Friday, December 13, 2013
A crowd gathered at the corner of Front Street and Merriman Road Wednesday to take part in a day that was more than six-and-a-half years in the making.
A ribbon cutting was held for the Mitney Project at what was once G&G Wholesale warehouse.
Now, it is a center that offers programs that will help people — not only in the West End but from all over Georgetown — enjoy a more rewarding life.
The Mitney Project was the brainchild of local business owner Barbara Huell who expressed her gratitude for everyone who helped make the goal of a new home a reality.
Until now, most programs offered by Mitney were taking place at the Howard Adult Center.
“Your encouragement and support and kind words helped make this a success,” Huell told those in attendance.
“With your help we took an old stone wall building and turned it into something beautiful.”
Huell said there were numerous monetary donors, some who gave more than $1,000 each.
An anonymous donor contributed $17,500. It was Mitney’s largest non-member contribution, Huell said.
During the ceremony, State Rep.
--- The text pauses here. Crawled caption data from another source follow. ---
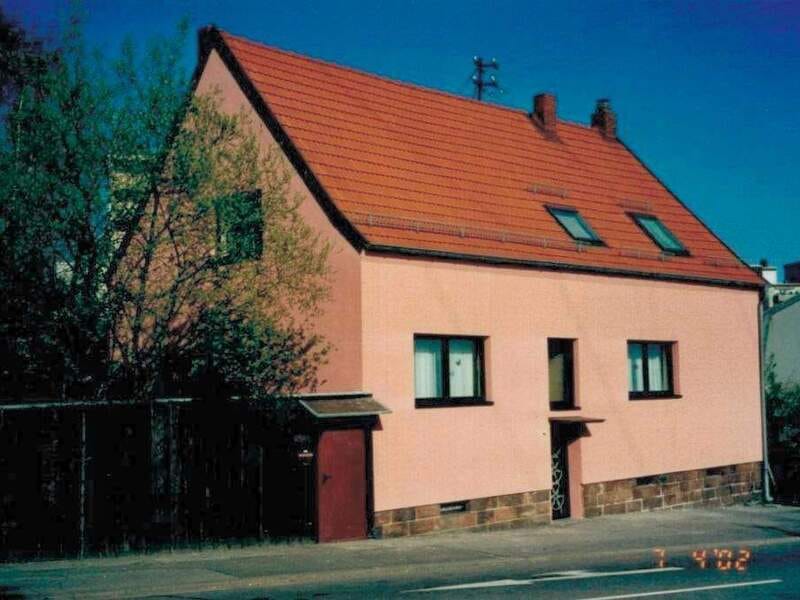 Immobilie in Saarbrücken - Freistehendes Einfamilienhaus mit Garten und Garage in SB-Dudweiler - Bild 0
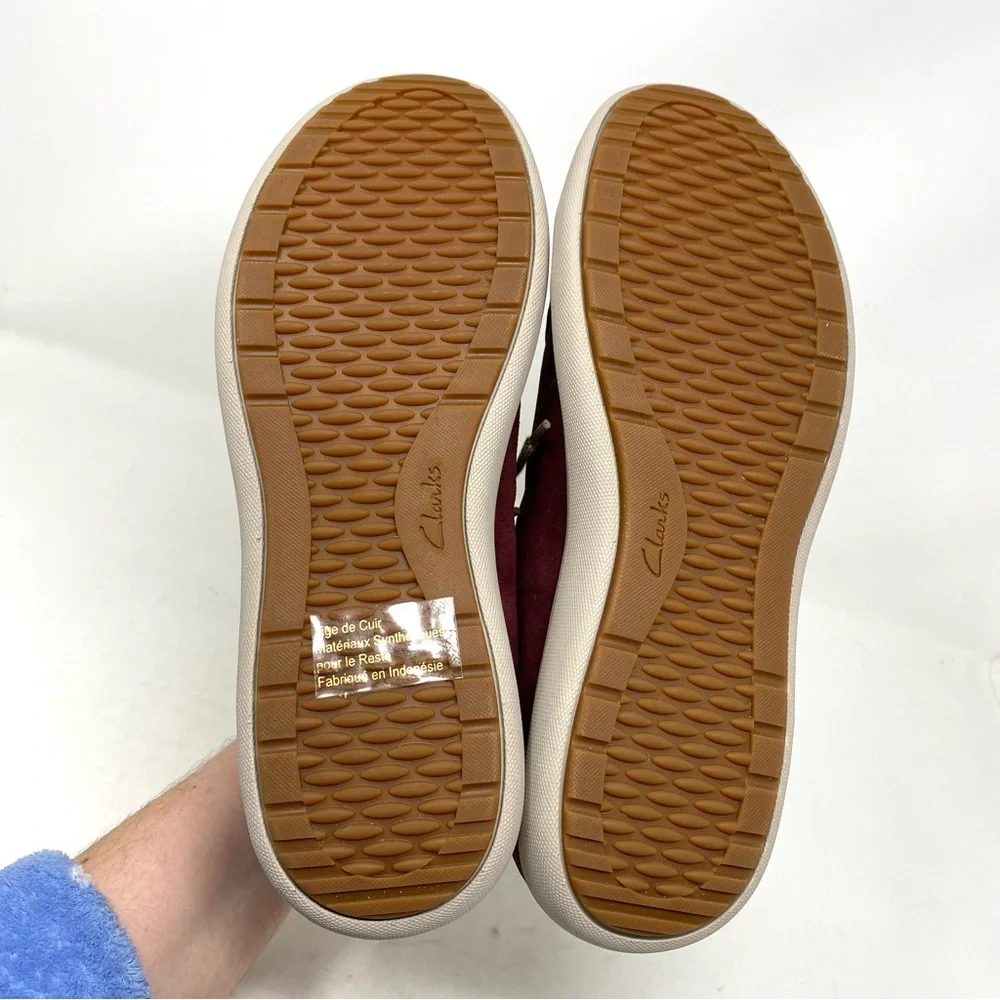 Clarks Nalle Lace Sneaker Burgundy Suede Zip Wide Width Comfort Walking Shoe
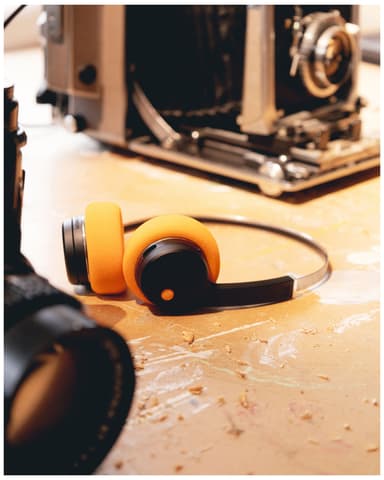 Defunc Mondo freestyle trådløse on-ear hodetelefoner (sort)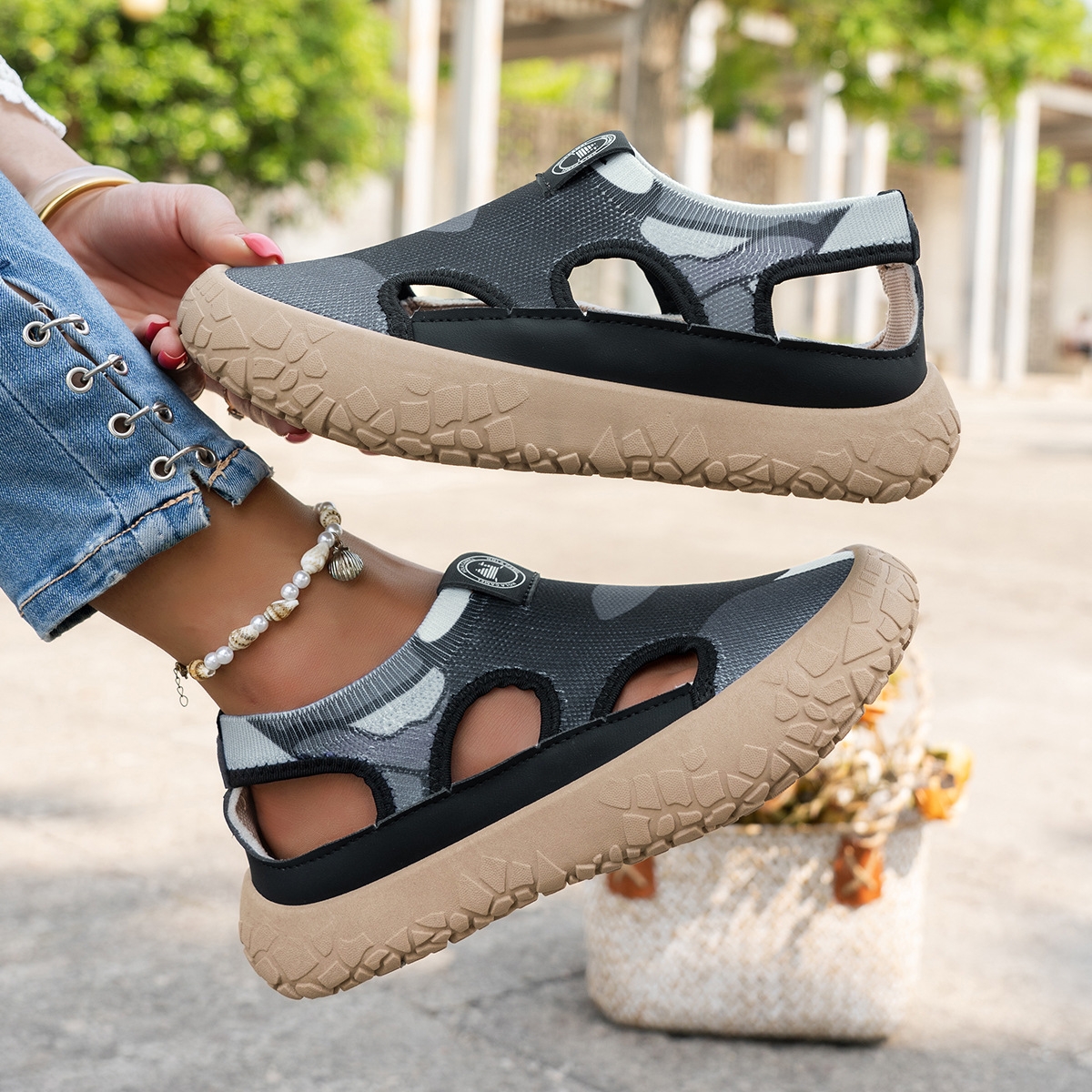 🔥Last Day Promotion 50% OFF - Women's Printed Soft-Soled Slip-On Shoes
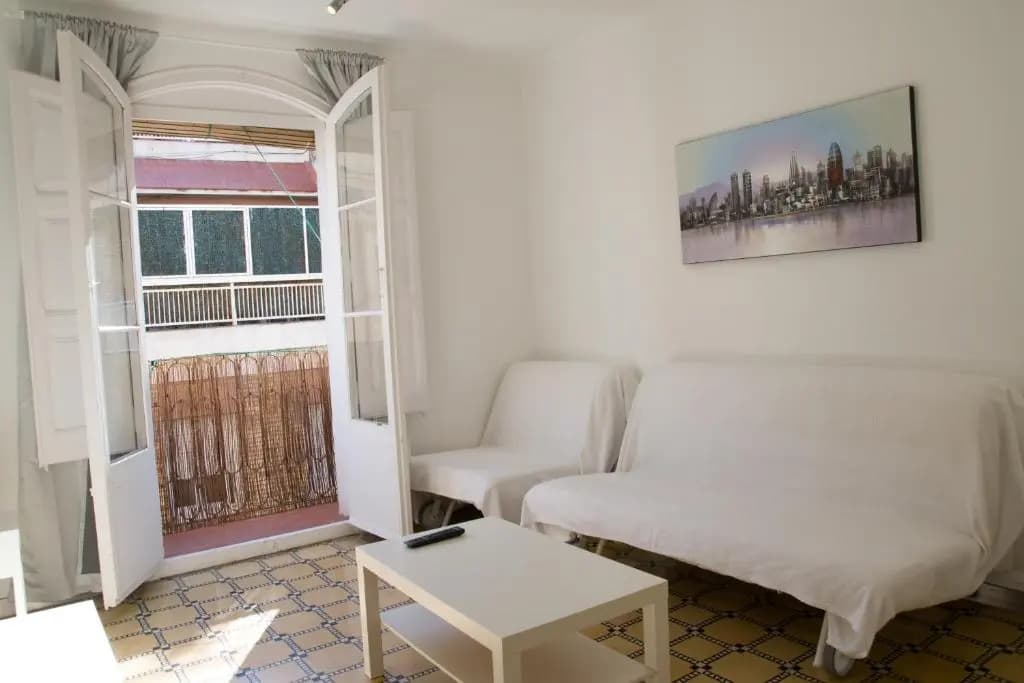Barnapartments Basic Gracia - photo 17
Carl Anderson presented Huell with a framed proclamation signed by lawmakers praising the work of the project.
He also announced another $1,000 contribution.
Because of the generosity, the new headquarters opened ahead of schedule. The completion was originally set for 2014.
The new facility will house a comprehensive, results-driven youth and adult development project comprised of arts and social programs and services.
It also is the site of a new medical facility that will offer a variety of services with a focus on childhood obesity and diabetes.
Some of the programs the Mitney Project currently provides include: Gotta Have Art!, In-Step Dance Studio and Musical Theatre Studio, High Note Music Lab, Think Space Design Lab – Robotics, Glitterbox Photo and Film Studio, Big Shot Sound Studio, Log On! — Computer Lab, T.I.G.E.R. (Teaching and Inspiring Greater Educational Readiness) Mentoring, B.O.O.S.T (Building Options and Opportunities for Start-ups), Fitness and Wellness, Social Development Events.
The West End, according to the organization’s website, is home to 20 percent of the population of Georgetown, approximately 700 of which are youths age 6-16.
United States Department of Agriculture Area Director George W. Hicks Jr. said when he met Huell several years ago and she was talking about the Mitney Project, she said people — especially children — deserve better in Georgetown.
He said the USDA has provided grant money in the amount of $100,000 and it was “money well spent.”